Elle s’avance de toute sa nonchalance, désœuvrée devant des montagnes d’injonctions. Mes yeux la suivent, elle se disperse se dissipe se dissout. Ses gestes sont fluides, comme si elle n’avait pas vraiment de consistance. Elle se cramponne à ce qu’elle peut. Ses appuis semblent fragiles. Son pas est glissant mais résistant, sa bouche close par une mâchoire serrée. Elle ressasse, cramponnée à une voix qui ne se tait jamais. Je l’’entends d’ici, son esprit agité parle si fort que ma tête pourrait éclater si je la laissais me pénétrer.
Elle paraît aller au-delà de ses limites ; attrape son parapluie noir, l’ouvre. S’arrête se regarde dans le reflet d’une vitrine. Non, elle ne se regarde pas, elle s’observe. Elle relève ses cheveux. Appuie son œil puissant sur l’ensemble de son corps, comme si elle se découvrait pour la première fois.

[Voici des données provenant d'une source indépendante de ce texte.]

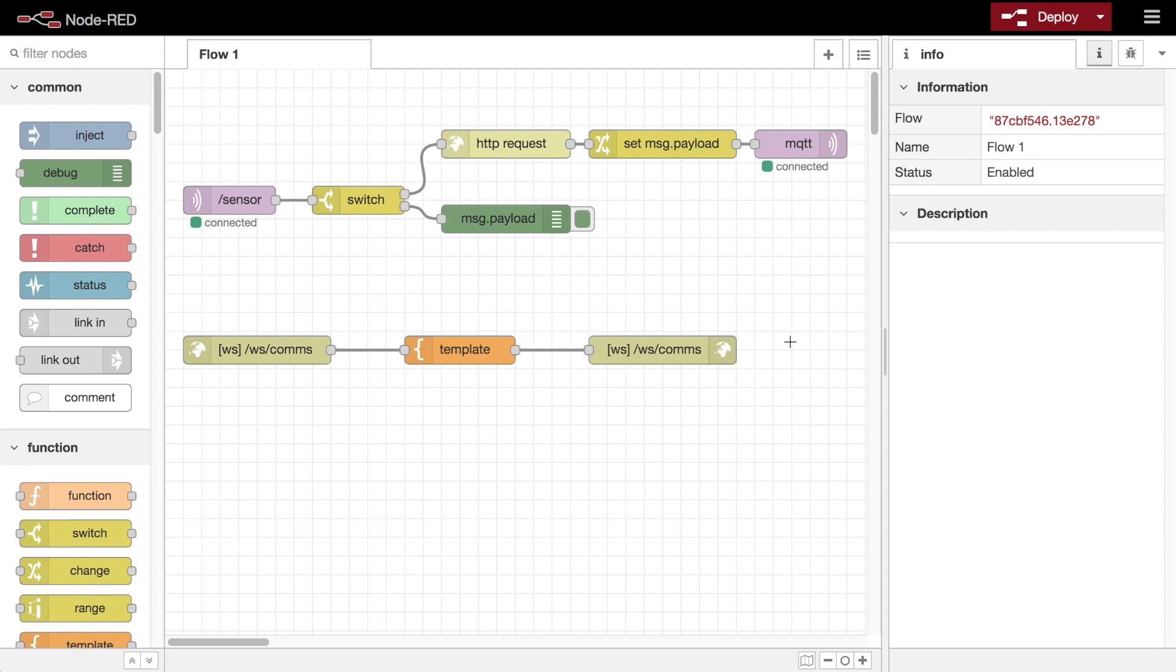Configuration nodes are a type of node that don't appear in the main workspace. They represent some sort of configuration information shared by multiple nodes.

Elle sent ma présence. Se retourne.
Je me suis demandé qui elle était et si elle dormait bien la nuit : sa mâchoire se décolle-t-elle , prend-elle le temps cuisiner, fait-elle du sport, a-t-elle des enfants, est-elle jeune ou plus âgée que ce que je crois, écrit-elle, est-elle vivante mais soudain je me demande : est-ce elle ou mon reflet dans la vitrine ?

À nu

Il regarde la mer immobile 
Il l’écoute
il ne la quitte pas des oreilles
Il est géant parmi les géants
Il est l’homme le plus vaste  
Tenu par le vent 
459 mètres de cailloux érigés à l’aube de la terre soutiennent son mètre quatre vingt
La falaise est son trône
Avec le ciel à conquérir
Il règne depuis le belvédère de Titou Ninou massif de Marseilleveyre
Il prend le cailloux entre ses mains rugueuses, longues et fines, 
il regarde le cailloux, parle au cailloux, demande à haute voix au caillou de conter l’histoire de l’homme
Il repose le cailloux, submergé de silence
Mais il ne devient pas le silence qui est tout
Lui ne se sent rien
Un euphémisme qui voudrait voler
Il s’est oublié
Il se pense être une émanation perdue
Évadée de son coeur 
évadé des coeurs de toutes et de tous
enlève sa chemise qu’il plie consciencieusement et pose sur le rocher blanc, enlève son pantalon qu’il plie consciencieusement et pose sur le rocher blanc, enlève son boxer qu’il plie consciencieusement et pose sur le rocher blanc, enlève sa chaussettes droite qu’il plie consciencieusement et pose sur le rocher blanc, enlève sa chaussette gauche qu’il plie consciencieusement et pose sur le rocher blanc, enlève sa peau pâle qu’il plie consciencieusement et pose sur le rocher blanc, enlève son coeur qu’il plie consciencieusement et pose sur le rocher blanc
Son coeur est bien mieux sur le rocher blanc
Son coeur attend un autre corps
L’homme est nu
Il écarte les bras
S’offre à l’oubli
Offre ses chairs offre ses nerfs, offre ses os, offre sa moelle, offre sa lymphe
Offre ses cheveux 
Au vent
Au vide
Un à un ses cheveux s’envolent et cherchent d’autres têtes
Des têtes qui cherchent
Des têtes avec des coeurs qui cherchent
Un sacrifice d’amour
Ses cheveux partent raconter son histoire
Les cheveux sont là pour dire sa vie
Les cheveux ne meurent jamais
Les cheveux vivent encore lorsque nous sommes
Mort
Ses yeux respirent l’infinie noyée dans les flots 
Le soleil est bas, et glacé et c’est l’hiver
Il lève la jambe droite, celle qui déjà mord le vide
Il la repose
Ses pieds s’ancrent au sol puis s’enfoncent, rencontrent le mouvement, l’aura des défunts
qui lui tirent les chevilles et gémissent
Il ne veut pas rester
Il veut voler
Il remonte un à un ses genoux vers les nuages
se débarrasser des pinces d’anges mort
Et d’un pas voler se fondre aux anges de lumière
Un soupir de basculer, 
Etreindre le néant
Il pense un soupir, résonance de l’absence
Veut-il voir derrière l’air?
Veut-il rejoindre les rides qui sillonnent l’étendue irisée de froid?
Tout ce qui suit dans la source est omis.